Only text belongs in your copy of the listing below; reproduce it exactly and leave out the pictures.

↓↓↓

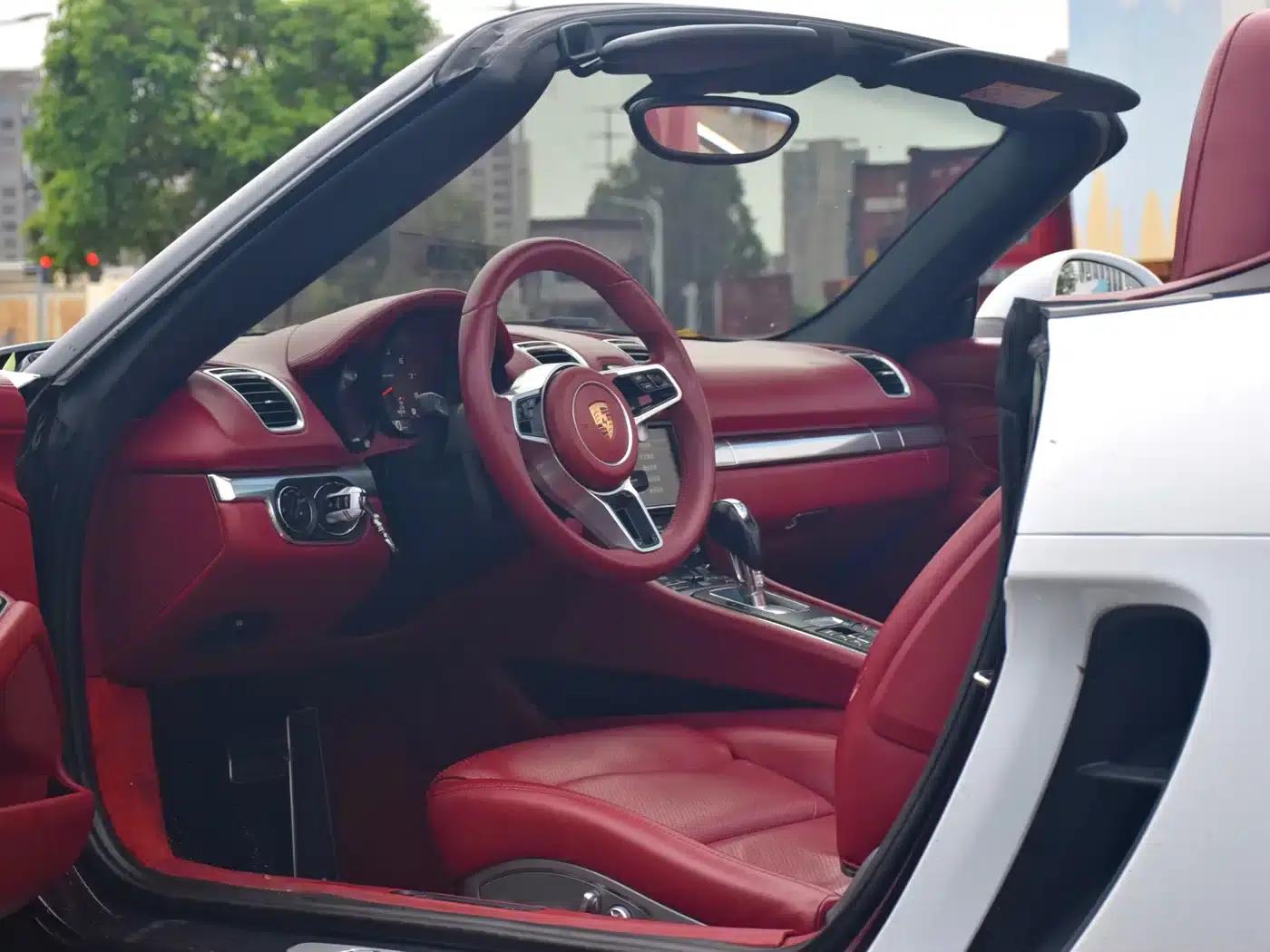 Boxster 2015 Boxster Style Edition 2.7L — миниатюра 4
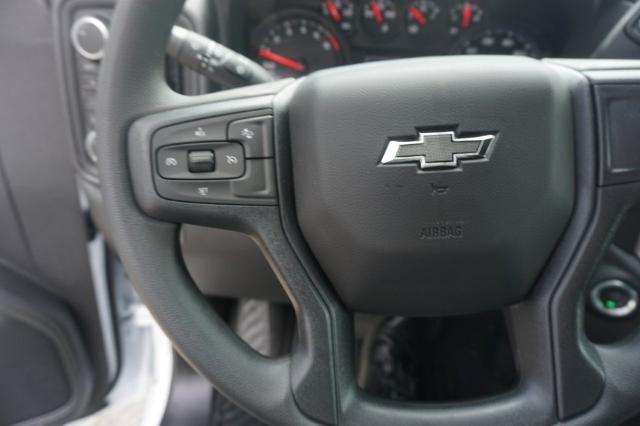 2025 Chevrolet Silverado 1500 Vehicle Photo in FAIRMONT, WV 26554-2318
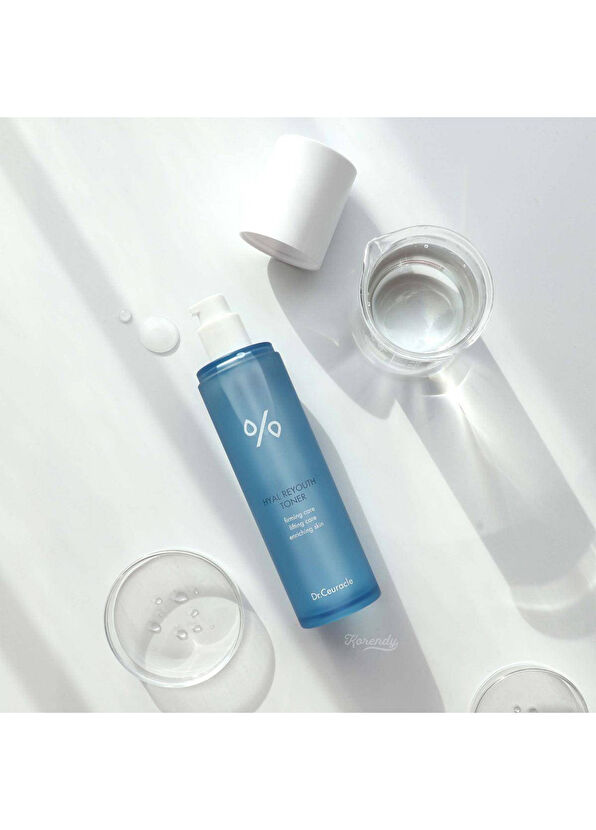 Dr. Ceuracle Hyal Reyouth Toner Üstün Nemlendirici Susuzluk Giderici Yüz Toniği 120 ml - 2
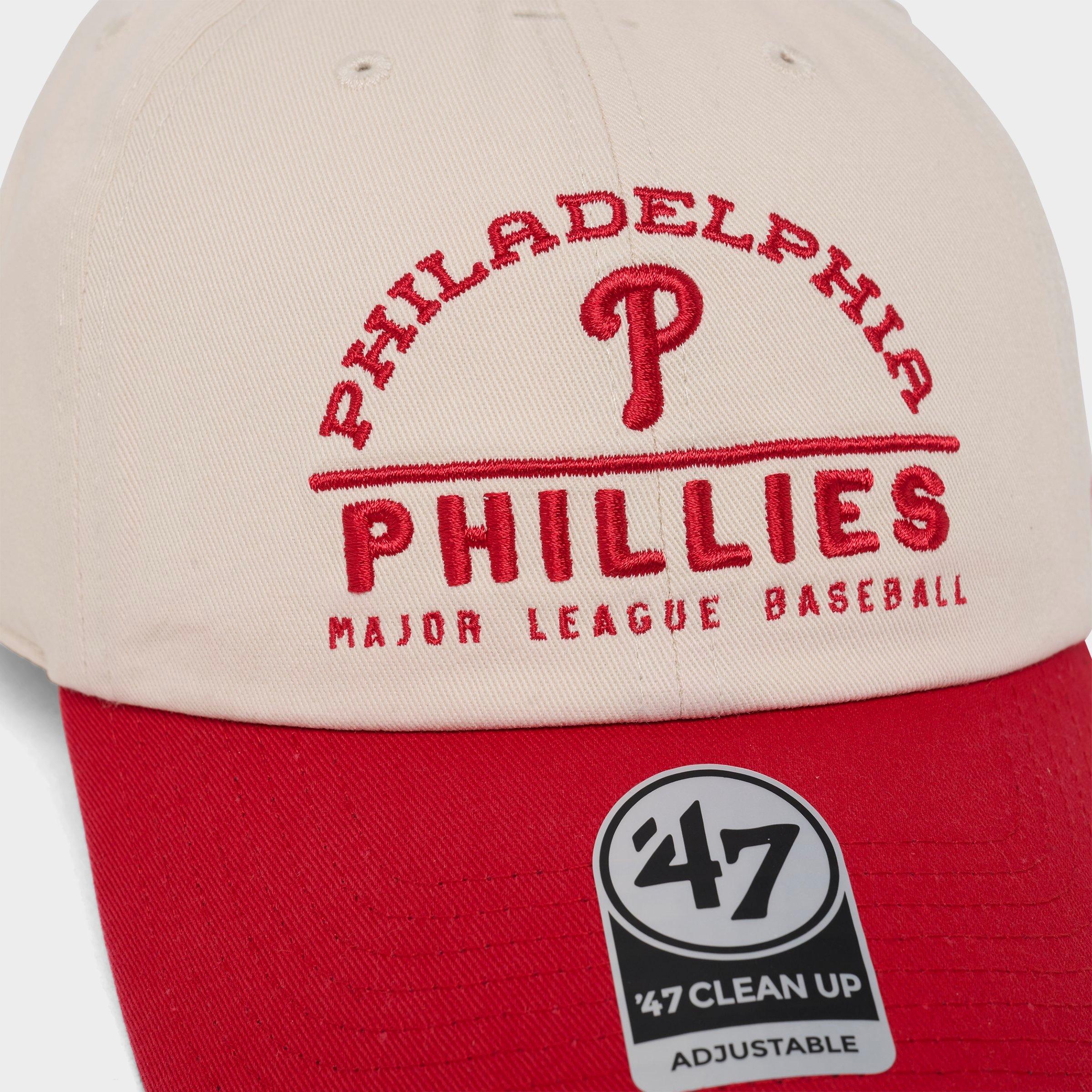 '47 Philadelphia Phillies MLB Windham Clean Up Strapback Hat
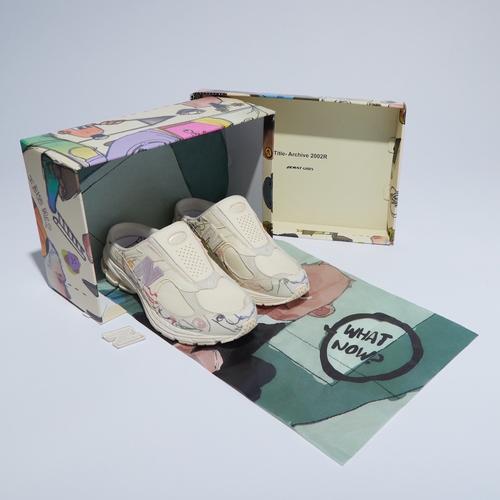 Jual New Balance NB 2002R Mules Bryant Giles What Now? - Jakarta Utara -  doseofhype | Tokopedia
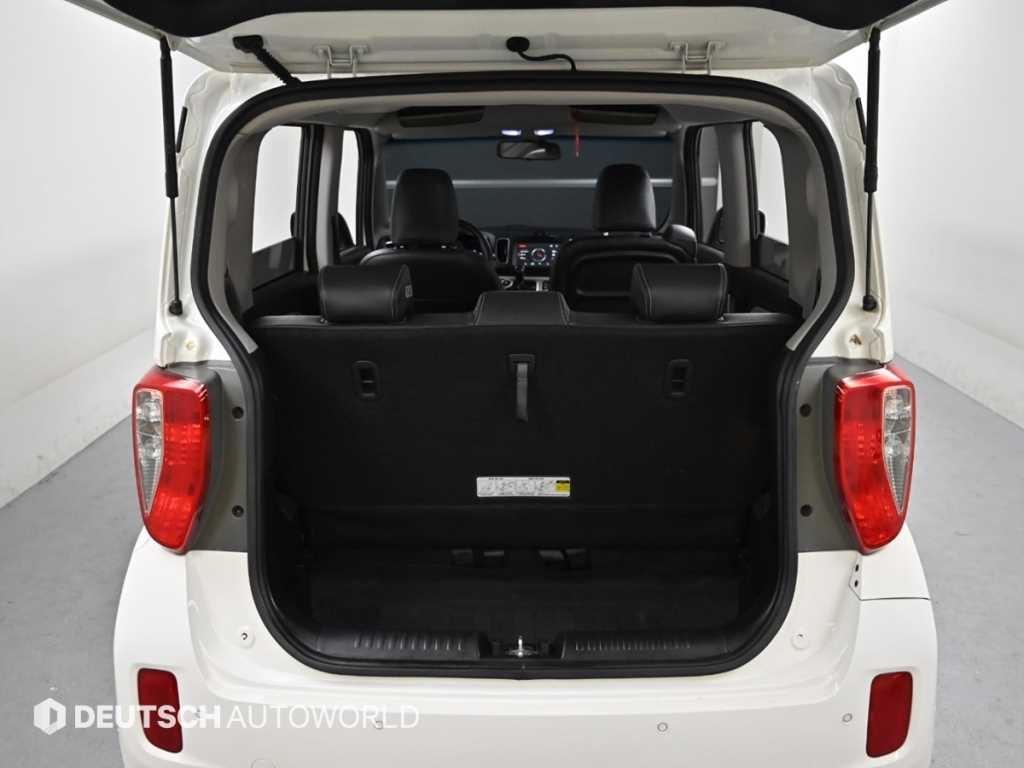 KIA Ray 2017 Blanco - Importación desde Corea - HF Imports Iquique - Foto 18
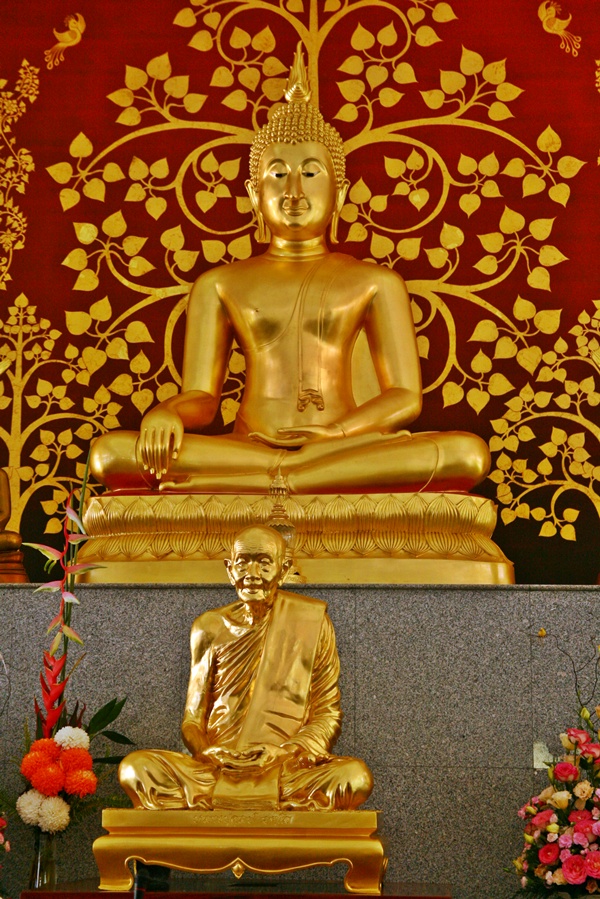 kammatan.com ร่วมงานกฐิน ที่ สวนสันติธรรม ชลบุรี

↑↑↑

— Written reply —
 Boxster 2015 Boxster Style Edition 2.7L — миниатюра 4
 2025 Chevrolet Silverado 1500 Vehicle Photo in FAIRMONT, WV 26554-2318
 Dr. Ceuracle Hyal Reyouth Toner Üstün Nemlendirici Susuzluk Giderici Yüz Toniği 120 ml - 2
 '47 Philadelphia Phillies MLB Windham Clean Up Strapback Hat
 Jual New Balance NB 2002R Mules Bryant Giles What Now? - Jakarta Utara -  doseofhype | Tokopedia
 KIA Ray 2017 Blanco - Importación desde Corea - HF Imports Iquique - Foto 18
 kammatan.com ร่วมงานกฐิน ที่ สวนสันติธรรม ชลบุรี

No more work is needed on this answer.